I am left to wonder though how this new super-vivid, over saturated photography would look in a home, and how it wears with years of viewing.  Am I being a dinosaur resisting a technological improvement or is there a real problem here?

More Planets

Earlier I tried drawing Earth-like planets.  I wanted to try a gas giant.  Here is the first shot at it:

Most of this is like the last project.  The difference is in coming up with the flat map for a banded gas giant rather than for land and oceans.  I finally cracked the code at the suggestion of someone online.  I wanted to create the bands in great detail, but drawing line after line in different colors seemed tedious.  He suggested taking a one pixel wide slice from a picture and then spreading it horizontally to get lines.  I used a slice through the red rocks near Sedona,  giving me nice Jovian colors.  I then blurred the lines and then used Photoshop liquify and a pen tablet to squiggle the lines.

The rest is just a series of overlays to give the colors a bit more variance, and the halo and dark side like the planets before.

The detail is pretty satisfying

Sidetracked for a Day: Making Planets

I guess I am easily distracted by geeky stuff.  Yesterday I needed a fake / fantasy planet for a piece of art I am working on.  So I thought I would just go find something open-source-ish someone else has done.  That would have been the obvious 60-second solution.

But then I saw this site, which apparently is one for enthusiasts of - you guessed it - making planet and space art.  So I thought I would play around with it.  About 6 hours on the computer later, I have a planet and a lot of tools to make more, and actually had a surprising amount of fun doing it.  First, the planet, click to enlarge:

The image you get when you click on it is only about a quarter of the full resolution of 5000x5000 of the original.

This is all done in Photoshop, faking the 3D and lighting effects, though there are tutorials and that same site discussing how to do this even better using 3D rendering.  To make this, I started with a planet map using this tutorial.  The land image I used as a texture seed is here.  The final map looks like this (again I had to cut the resolution by 75% from the original 8000x4000).

The above was a bit dark so I ended up stacking two on top of each other with the top set to blend mode "screen" and this really made it pop.  The cloud map I used a portion of is apparently a favorite among planet illustrators -- you can find it here.  Again, here it is but reduced in size:

From these last two we select a large circle (of the same size from each) and spherize them in Photoshop.

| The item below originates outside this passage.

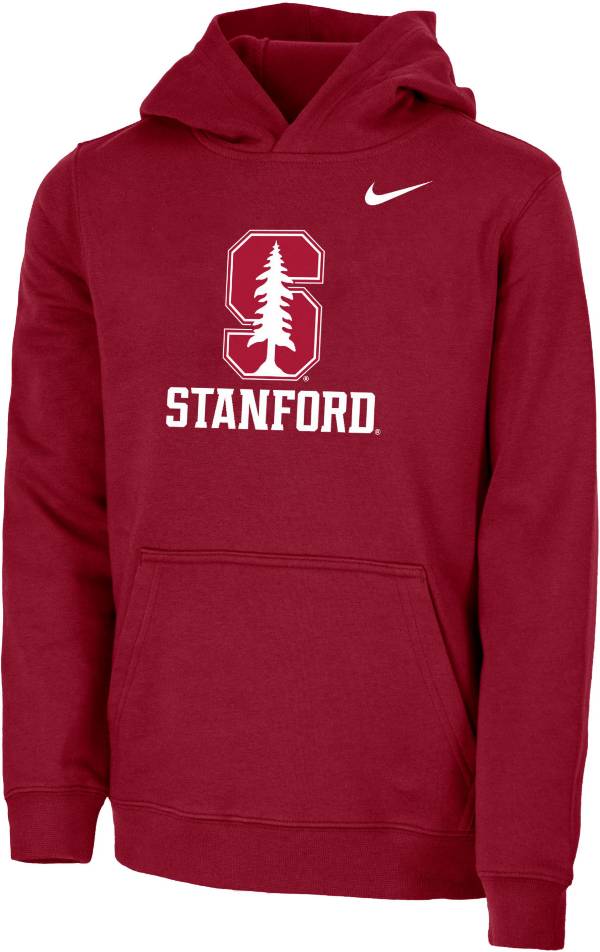 Nike Youth Stanford Cardinal Cardinal Club Fleece Pullover Hoodie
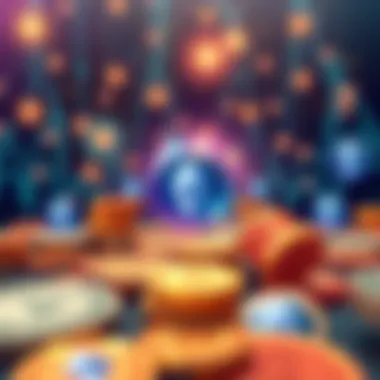 Illustration of JPMorgan's cash tokenization process on the Ethereum blockchain, featuring digital cash symbols and Ethereum logos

Here it is before the atmosphere and shadow effects, which are layered on and can be adjusted after the fact

Then, follow the second half of this tutorial when he talks about atmosphere and shadows to get the final result.

And the shadow can go the other way as well:

If anyone is really interested, I can send you the photoshop file with all the layers so you can see how it works.  Update:  The files are huge, about 500MB each, in part because I leave copies of all the resources I use in hidden layers.  But here they are, one for the flat map and one for the planet:    http://climatemovie.s3.amazonaws.com/planet test.psd  and here:  http://climatemovie.s3.amazonaws.com/continents.psd

3D Painting

I like to send my daughter, the artist, examples of people working in new media to help inspire her.  This is pretty amazing -- 3D painting in layers of acrylic.  These are NOT objects embedded in the clear plastic, its all painting in thin layers, like a 3D printer.

I'm Back

Been away a bit, and trying to catch up today.  Here is something to tide you over - wow

Imitating Escher

This is an original work by my daughter, with a bit of help from me, with a bi-directional interlocking tile, ala Escher (in pen and ink, on poster board).  This is actually surprisingly hard to pull off.  Though Escher did birds, he did not do a swan in this style.  As usual, click to enlarge:

The trick is to take a square piece of paper, and rotate whatever you cut from two sides to the other two adjacent sides.  We destroyed a lot of post it notes until we got there.  You can still see the ghost of the original square, with corners at the tip of the swan's head, the top of its wing, under its wing, and at the bottom of the neck.